= DATA UNDER STUDY =
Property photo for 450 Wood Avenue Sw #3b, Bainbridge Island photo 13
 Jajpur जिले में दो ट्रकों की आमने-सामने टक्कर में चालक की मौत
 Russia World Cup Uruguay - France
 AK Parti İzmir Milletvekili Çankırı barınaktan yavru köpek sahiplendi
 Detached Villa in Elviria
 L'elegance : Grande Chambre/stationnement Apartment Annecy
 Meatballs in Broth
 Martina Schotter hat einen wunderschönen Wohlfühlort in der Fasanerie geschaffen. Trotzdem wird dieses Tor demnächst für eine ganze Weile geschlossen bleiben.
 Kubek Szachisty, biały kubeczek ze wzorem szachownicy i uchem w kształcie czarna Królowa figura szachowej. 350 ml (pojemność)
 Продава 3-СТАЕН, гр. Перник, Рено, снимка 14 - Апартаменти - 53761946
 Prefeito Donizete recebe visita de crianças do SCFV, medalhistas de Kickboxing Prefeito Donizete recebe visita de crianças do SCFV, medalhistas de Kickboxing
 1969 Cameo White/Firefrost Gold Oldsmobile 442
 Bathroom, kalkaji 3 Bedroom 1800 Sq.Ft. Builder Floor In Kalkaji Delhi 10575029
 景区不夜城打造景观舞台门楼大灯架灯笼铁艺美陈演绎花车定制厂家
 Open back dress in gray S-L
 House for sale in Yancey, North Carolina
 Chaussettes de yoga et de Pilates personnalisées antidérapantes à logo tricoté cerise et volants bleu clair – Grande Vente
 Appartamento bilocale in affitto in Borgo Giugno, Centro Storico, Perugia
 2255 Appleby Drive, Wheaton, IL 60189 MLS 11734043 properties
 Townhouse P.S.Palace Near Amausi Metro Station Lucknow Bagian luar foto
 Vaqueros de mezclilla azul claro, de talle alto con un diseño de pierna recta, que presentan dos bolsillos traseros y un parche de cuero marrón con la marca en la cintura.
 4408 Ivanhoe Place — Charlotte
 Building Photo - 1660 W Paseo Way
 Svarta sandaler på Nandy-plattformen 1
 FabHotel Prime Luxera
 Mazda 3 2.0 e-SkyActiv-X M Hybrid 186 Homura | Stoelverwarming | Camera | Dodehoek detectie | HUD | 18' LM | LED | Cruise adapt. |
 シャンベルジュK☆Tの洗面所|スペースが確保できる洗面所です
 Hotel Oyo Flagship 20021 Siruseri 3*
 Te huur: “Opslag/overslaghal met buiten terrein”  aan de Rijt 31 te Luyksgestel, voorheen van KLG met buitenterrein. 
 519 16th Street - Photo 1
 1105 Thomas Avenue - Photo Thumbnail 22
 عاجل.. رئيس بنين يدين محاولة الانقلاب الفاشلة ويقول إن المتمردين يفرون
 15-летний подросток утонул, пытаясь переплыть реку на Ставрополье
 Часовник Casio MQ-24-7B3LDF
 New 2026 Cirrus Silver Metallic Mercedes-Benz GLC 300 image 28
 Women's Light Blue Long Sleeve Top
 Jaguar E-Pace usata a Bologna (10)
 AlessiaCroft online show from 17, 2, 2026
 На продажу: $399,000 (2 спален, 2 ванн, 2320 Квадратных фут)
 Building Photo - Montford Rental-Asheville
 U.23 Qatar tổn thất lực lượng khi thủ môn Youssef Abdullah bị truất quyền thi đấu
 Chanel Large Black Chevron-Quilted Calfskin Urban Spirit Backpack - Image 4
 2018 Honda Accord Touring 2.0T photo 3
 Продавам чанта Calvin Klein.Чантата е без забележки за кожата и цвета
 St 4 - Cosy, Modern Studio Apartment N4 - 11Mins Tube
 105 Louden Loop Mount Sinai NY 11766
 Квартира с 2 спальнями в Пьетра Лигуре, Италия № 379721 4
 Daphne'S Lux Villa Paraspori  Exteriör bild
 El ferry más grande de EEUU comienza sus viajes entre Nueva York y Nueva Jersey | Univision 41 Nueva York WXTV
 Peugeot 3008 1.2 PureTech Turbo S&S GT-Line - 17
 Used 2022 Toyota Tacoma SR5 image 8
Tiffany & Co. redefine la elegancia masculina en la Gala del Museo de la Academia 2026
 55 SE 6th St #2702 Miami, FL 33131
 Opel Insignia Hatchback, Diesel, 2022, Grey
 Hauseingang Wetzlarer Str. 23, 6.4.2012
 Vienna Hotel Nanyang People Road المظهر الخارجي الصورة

= WORK REQUIRED =
Each line from the one containing "U.23 Qatar tổn" to the close of the records must appear in the output exactly, and no other line.

= RESULT =
 U.23 Qatar tổn thất lực lượng khi thủ môn Youssef Abdullah bị truất quyền thi đấu
 Chanel Large Black Chevron-Quilted Calfskin Urban Spirit Backpack - Image 4
 2018 Honda Accord Touring 2.0T photo 3
 Продавам чанта Calvin Klein.Чантата е без забележки за кожата и цвета
 St 4 - Cosy, Modern Studio Apartment N4 - 11Mins Tube
 105 Louden Loop Mount Sinai NY 11766
 Квартира с 2 спальнями в Пьетра Лигуре, Италия № 379721 4
 Daphne'S Lux Villa Paraspori  Exteriör bild
 El ferry más grande de EEUU comienza sus viajes entre Nueva York y Nueva Jersey | Univision 41 Nueva York WXTV
 Peugeot 3008 1.2 PureTech Turbo S&S GT-Line - 17
 Used 2022 Toyota Tacoma SR5 image 8
Tiffany & Co. redefine la elegancia masculina en la Gala del Museo de la Academia 2026
 55 SE 6th St #2702 Miami, FL 33131
 Opel Insignia Hatchback, Diesel, 2022, Grey
 Hauseingang Wetzlarer Str. 23, 6.4.2012
 Vienna Hotel Nanyang People Road المظهر الخارجي الصورة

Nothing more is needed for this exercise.